Grokking or Glitching? How Low-Precision Drives Slingshot Loss Spikes
Pith reviewed 2026-05-13 07:06 UTC · model grok-4.3
The pith
Floating-point precision limits trigger slingshot loss spikes by creating numerical feature inflation in neural network training.
A machine-rendered reading of the paper's core claim, the machinery that carries it, and where it could break.
Core claim
The central claim is that the slingshot loss spike is produced by Numerical Feature Inflation (NFI). In the high-confidence stage, logit differences surpass the absorption-error threshold of floating-point arithmetic, so that the gradient for the correct class is rounded to zero while gradients for incorrect classes remain nonzero. This breaks the zero-sum constraint on class gradients and introduces a net drift in the parameter update of the classifier layer. The drift couples with the feature vectors to form a positive feedback loop, causing the global means of both the classifier weights and the features to grow exponentially. The resulting inflation produces the rapid norm increase that,
What carries the argument
Numerical Feature Inflation (NFI), the exponential growth of classifier and feature means that follows from selective rounding of the correct-class gradient to zero once logit differences exceed the floating-point absorption threshold.
If this is right
- Rapid growth in classifier and feature norms before each spike follows directly from the unbalanced parameter drift.
- Gradients reappear and produce the loss spike once the inflated values push the logit differences back into the representable range.
- Partial absorption errors can drive abnormal parameter-norm growth without producing a visible loss spike in many practical training settings.
- The slingshot phenomenon is a numerical artifact of finite-precision computation rather than an intrinsic property of the loss landscape.

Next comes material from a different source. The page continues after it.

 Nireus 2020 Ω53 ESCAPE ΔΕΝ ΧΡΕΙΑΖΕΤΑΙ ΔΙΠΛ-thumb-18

Where Pith is reading between the lines
- Using higher-precision arithmetic or adding logit-difference-aware gradient clipping could suppress the onset of these spikes.
- Tracking the growth of logit divergence during late-stage training could provide an early indicator of impending norm inflation.
- The same rounding imbalance may underlie other late-training instabilities, such as sudden divergence or exploding activations, in very deep models.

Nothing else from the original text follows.